Oh Dear, how little do the children know! :nono: Come sit here and I will tell you a story

SMITHS was one of the UK's largest company's making almost everything clock, watch and instrument related - - yes the same SMITHS you see on the speedo and instrumentation of vintage cars, time switches (mechanical and electrical) , clocks and watches, aircraft instrumentation, spark plugs, defence items - - - the list goes on. It was one of the largest employers overall of that sort of equipment makers in the UK. Alas, like all very large organisations, it was not susceptible to quic k change, and various core business parts went under in the quartz revolution, followed by the electronics revolution.

The Guv'mint of the day were asked to help, but decided British Leyland were a better bet, more in need whatever, and we all know where that went! :bash:

In the day, SMITHS were the only other maker besides/after ROLEX who made everything in house except hairsprings, even down to packaging, boxes and printing of manuals etc all in house. At Cheltenham had the first positive pressure clean room assembly area in the UK for hig grade movements, they made everything from pin pallets through to 21 jewel gold watches, and from alarm clocks through to "proper" carriage clocks and chimers. The company does still exist in a niche market of defence equipments!

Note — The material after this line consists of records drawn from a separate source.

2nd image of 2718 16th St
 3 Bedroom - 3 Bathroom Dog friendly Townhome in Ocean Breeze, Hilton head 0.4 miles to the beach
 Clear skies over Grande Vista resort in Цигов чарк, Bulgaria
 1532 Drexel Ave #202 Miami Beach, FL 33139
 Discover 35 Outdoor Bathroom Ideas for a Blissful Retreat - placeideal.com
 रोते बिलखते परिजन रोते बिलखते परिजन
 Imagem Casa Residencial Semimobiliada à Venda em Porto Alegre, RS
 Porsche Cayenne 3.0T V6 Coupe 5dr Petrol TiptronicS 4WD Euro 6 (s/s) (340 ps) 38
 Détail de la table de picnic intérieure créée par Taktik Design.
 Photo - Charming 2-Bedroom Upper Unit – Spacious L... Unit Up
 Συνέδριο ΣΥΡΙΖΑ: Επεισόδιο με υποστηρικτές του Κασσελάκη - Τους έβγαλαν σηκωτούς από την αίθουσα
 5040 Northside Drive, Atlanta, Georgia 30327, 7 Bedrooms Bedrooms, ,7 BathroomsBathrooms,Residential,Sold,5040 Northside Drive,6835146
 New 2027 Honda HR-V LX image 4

At one time, all the other British Companies (Rail, major engineering etc., etc.,) would automatically go to the top end SMITHS goldies for long service awards, prizes, gifts and the likes and that accounts for the large numbers you ssee with engraved cases.

HTH a tad!


----------



## PDXWatchCollector (Nov 15, 2013)

Thanks Uncle Mel!! :laugh:


----------



## TobesEtc (Sep 21, 2015)

That's really interesting. Makes total sense they'd choose a watch with a Smith movement if their planes had Smith gauges! Fascinating.


----------